The only way to avoid those horns — and this is indeed the step taken above — is to identify the first principles as a “faith-point”. But this is a much larger concession than seems to be recognized here, for it basically accepts that one cannot show that the first principles are not mere dogmatisms imposed by an arbitrary act of will. Hence the third horn of the Trilemma undermines reasonability just as much as the first two.
KN: Nope, we are simply using common sense and seeking a credible worldview foundation, not a regress of proofs. If one rejects common sense as a basis for discussion, he rejects the life of reason, so he is a late non-starter. That is also why warrant is used and not “proof” in the discussion. And, you will see that the worldviews foundation is addressed on comparative difficulties, which escapes question-begging. That is in fact why there are three alternatives, not two; the Agrippa “trilemma” as stated fails because it tries to reduce the third to the second, and in so doing misrepresents what is going on: inference to best explanation as warrant as opposed to proof. An arbitrary stop-point [as opposed to one maintained in part on self-evident first principles of right reason and in part on comparative difficulties] is an obvious case of question-begging. KF
Kantian Naturalist
I realize that you don’t accept the rules of logic and reason as valid standards for apprehending reality, analyzing data, or interpreting evidence. What I want to know is this: What standard or standards you would you put in the place of logic and reason?
Meanwhile, my earlier question persists: What, in your judgment, is the source of morality? If not from God, then what?
This will serve double-duty as a response to both Kairosfocus and StephenB, on why I don’t think foundationalism works as a response to Agrippa’s Trilemma.
Briefly, the Trilemma states that there are three approaches to justification: either (1) our beliefs are justified by other beliefs, in an infinite regress (“infinitism”) or (2) our beliefs are justified by being part of a vast, self-supporting network of beliefs (“coherentism”) or (3) our beliefs are justified by a privileged class of self-evident beliefs (“foundationalism”).
Kairosofocus and StephenB both acknowledge that coherentism is open to the vicious-circle objection, and that infinitism is open to the infinite regress objection. (Historically, no one has defended infinitism, though I just learned earlier today that there is one person, a professor at Rutgers, who has taken up the gauntlet.) Coherentism has its able-bodied defenders, both past and present, but there are serious problems in making it work.
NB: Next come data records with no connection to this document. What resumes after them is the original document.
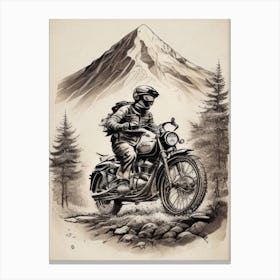 Bike Art Black And White Canvas Print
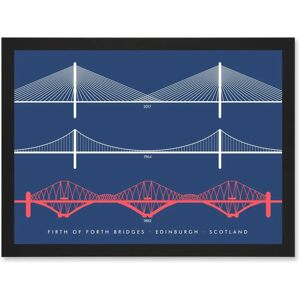 Artery8 - Firth Forth Bridges - Framed - A4 Black - Wall Art Artery8 - Firth Forth Bridges - Framed - A4 Black - Wall Art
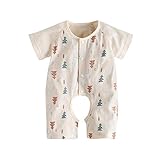 Ainial　ロンパース　ベビー　半袖　前開き　カバーオール　赤ちゃん　男の子　女の子　夏　カラードコットン　柔らかい　可愛い　ツリーの柄　スナップボタン　ボディースーツ　新生児　通気　快適　出産祝い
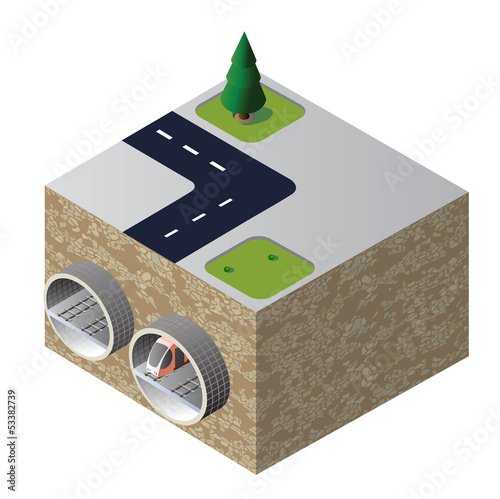 Vector isometric drawing of the tunnel with a train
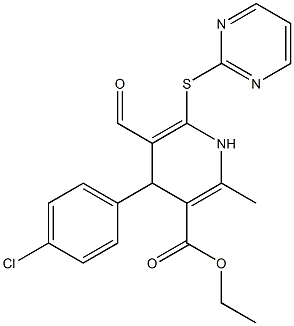 ethyl 4-(4-chlorophenyl)-5-formyl-2-methyl-6-(2-pyrimidinylsulfanyl)-1,4-dihydro-3-pyridinecarboxylate|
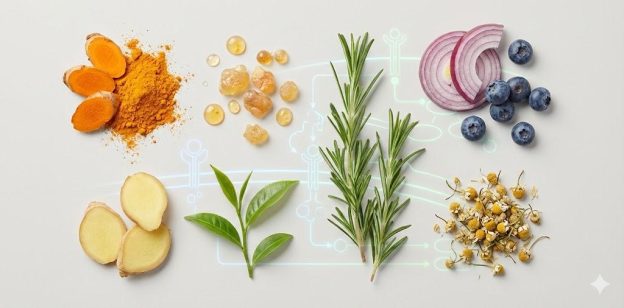 A close-up of various herbs and spices AI-generated content may be incorrect.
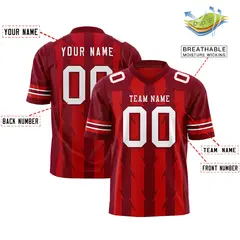 Red Crimson Razr Stripe Graffiti Pattern Flag Football Jersey 2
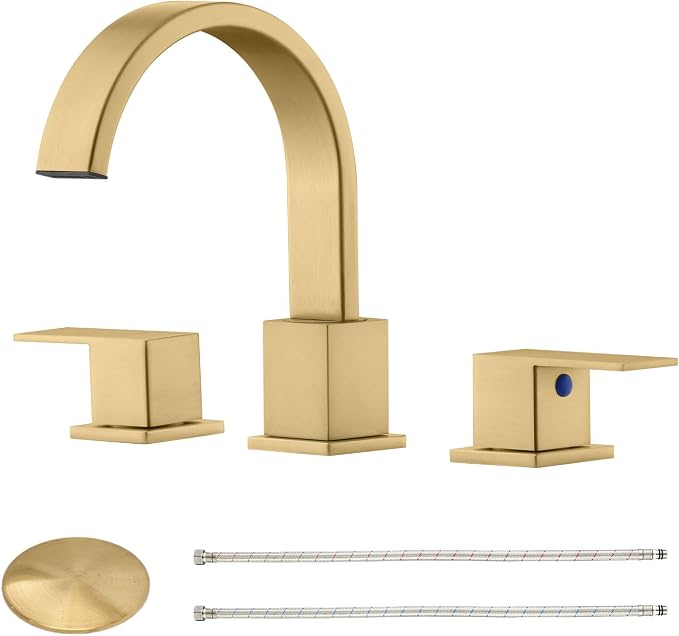 Widespread Brushed Gold Bathroom Faucets, Waterfall Golden Stainless Steel Bathroom Faucet for Sink 3 Hole, Vanity Lavatory Faucets with Drain & Water Hoses, 8 Inch, Lead-Free, 360° Swivel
I’ll bypass both of those and move on to foundationalism.
The foundationalist claims that both the infinite regress and the vicious circle can be avoided by appealing to self-evident beliefs — beliefs that don’t derive their warrant from any other beliefs, because they are intrinsically warranted. But I don’t think this works as well as KF and SB believe it does.
The problem with appealing to “self-evident principles” or “self-justifying beliefs” is this: here one would still need to show that they are warranted by some set of criteria, and those criteria would themselves need to be established. (This pushes the foundationalist onto one of the other two horns of the Trilemma.) In order for the stopping-point to be reasonable and not merely arbitrary, there need to be some criteria already up and running for making that assessment — how else are we to tell whether our stopping-point is arbitrary or not? It is this threat — that our stopping-point might be arbitrary, for all we know — that constitutes the third horn of the Trilemma.
So the Trilemma, fully spelled out is: either (1) infinite regress or (2) vicious circle or (3) arbitrariness. Now, of course, the Trilemma was intended to be an argument for skepticism — it’s supposed to show that justification is impossible, hence knowledge is impossible. And it should be evident to all concerned that I am not a skeptic. But I also think that the Trilemma cannot be evaded by taking hold of any one of the horns. Skepticism cannot be avoided by coherentism or by foundationalism. (It might, just possibly, be successfully avoided by a nuanced synthesis of the two, what Susan Haack calls “foundherentism”. I’m intrigued by what little I know of her view, but I don’t know it well enough to defend it here.)
I wouldn’t say that morality has “a source”. I wouldn’t even say that we can talk intelligently about a single unitary phenomena, “morality.” I think we would have to talk about the various different origins of various different ethical practices, principles, and capacities.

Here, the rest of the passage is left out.